Why is that sad? It looks like progress to me.

Economizing on inputs is how productivity improvements look like. Human capital is an input like any other.

Similar considerations apply to more boring enterprise software development too: most developers these days could probably not write a hashtable from scratch. And that's good! We have libraries for that. Thus the industry is much more accessible to more people.

(I do understand the temptation of nostalgia.)

>> just 25 years ago the game industry was filled with people extremely knowledgeable in assembly. yet today it is viewed as a black art. sad.

> Why is that sad? It looks like progress to me.

It is progress, yes, and I wonder where compiler authors are going to come from in the future. If we forget how to write in assembly, we forget how to tell computers how to do it.
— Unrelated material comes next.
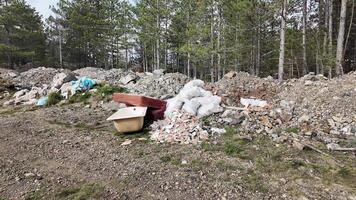 Discarded construction debris in a forest clearing highlights environmental pollution, waste management issues video
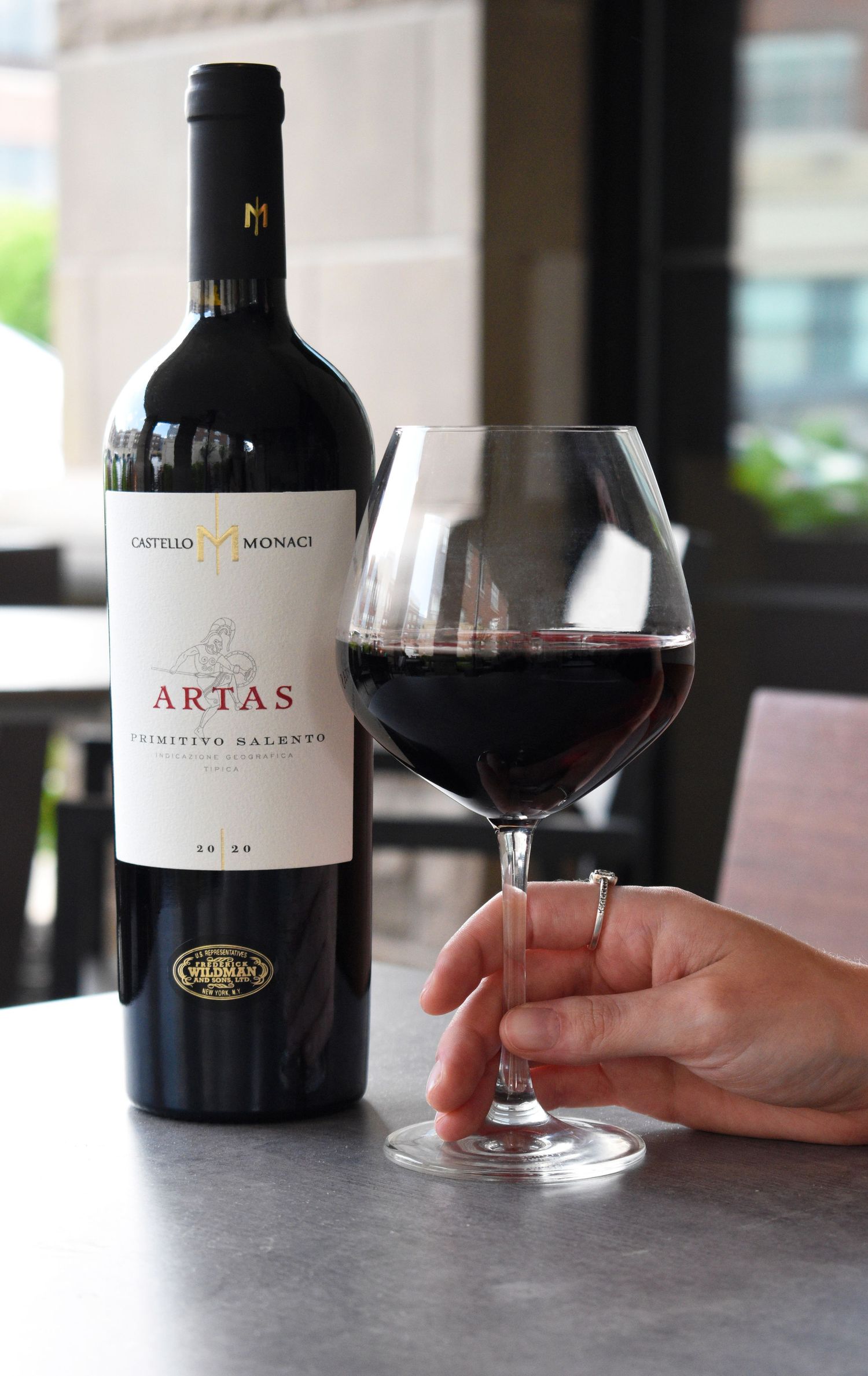 Hand holding a glass of Castello Monaci Artas Primitivo Salento red wine next to the bottle on a table.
I think of it by way of analogy: I can buy bottles of water in the store, so why do I still want drinkable water from my tap? Bottled water is progress, and drinkable water from the tap is "the old way." The old ways are important. Especially when they are the foundations of our modern technical society like compilers are.

It is true that new people can learn assembly when it comes time for them to write a compiler, or contribute to one, and as the number of assembly authors falls, the fewer opinions we will have about things, and the more monolithic things will be. When lots of people are part of a community, there is great diversity of thought in that community. If it's just a few (hundred?) people who speak assembly, the diversity of thought, and thus innovation in compilers will be almost nil. It is literally better for everyone if there are more who can write assembly well.
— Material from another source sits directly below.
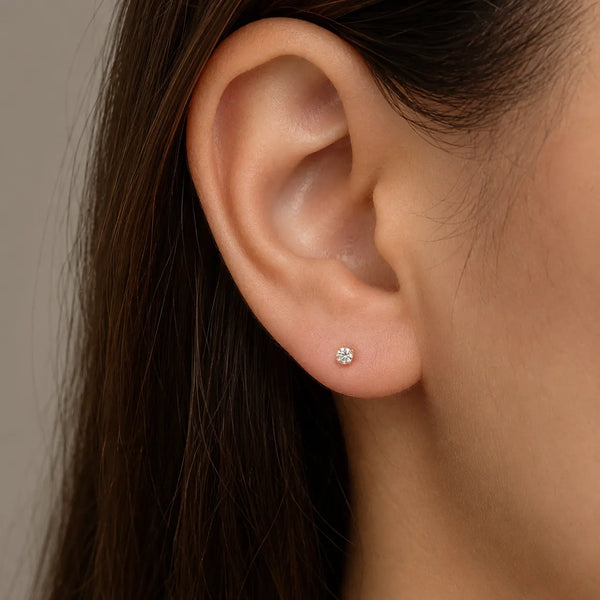 10K yellow gold 3mm round CZ stud earrings showing side and back view with push-back posts on marble surface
Secondly, people are avoiding learning assembly because they are afraid of it, which makes some sense to me at first glance, and makes no sense to me after writing some assembly. There is literally nothing scary about assembly; it just SEEMS scary. It can be quite fun to see just how little it takes to do things, and then observing just how unbelievably fast those programs are when run.

Part of the sadness I mention above is just "old man yells at cloud," but some of it is, I believe, bad for us in the long term if assembly does truly become a black art.

I think it's more "old man yells at cloud" than you realize. Do you think people who manually input programs by moving wires around lamented bytecodes and assemblers? I would guess they did. The better C compilers get, the less there is to do in low-level code, and the less there is to innovate on that will be missed by no one knowing more than what's left. They can already compile themselves.

This lament draws a straight line back to concerns over books hurting memory and a culture of oral and visual teaching and storytelling. Books probably did have that effect, but the gain was worth it. There would have been no books to hold on to the progress of the ancients through the various rough patches Europe went through without books. "How much progress was lost because it wasn't written down?" and "how much progress was lost because the tools were inaccessible to the person with the right idea?" are the same question.

Assembly is fairly easy to learn (going by my few attempts) in the same way picking up the syntax for most languages is easy, but doing anything non-trivial is at least as involved as any other way of communicating with thinking sand.

Keep in mind that the industry has grown so much, that in absolute terms we might have more people who knew assembly than ever before, even if the relative proportion has gone down.

Btw, compiler writing has also improved a lot. Thanks to projects like LLVM, you don't need to know assembly to write a compiler for your new language.

Also: there's plenty of people with interest in obscure technologies and languages. Have a look at the demo scene where people still write new material for the Commodore 64. Or the trend of making new games for NES and the original Gameboy. There are plenty of people who work close to the bare metal, because it's fun.

Not your main point, but bottled water is not progress. Clean tap water is more sophisticated and efficient.
It's more efficient for many uses, but not all.

Eg bottles are more convenient when hiking. (Though there's no reason why you couldn't just put tap water in a bottle.)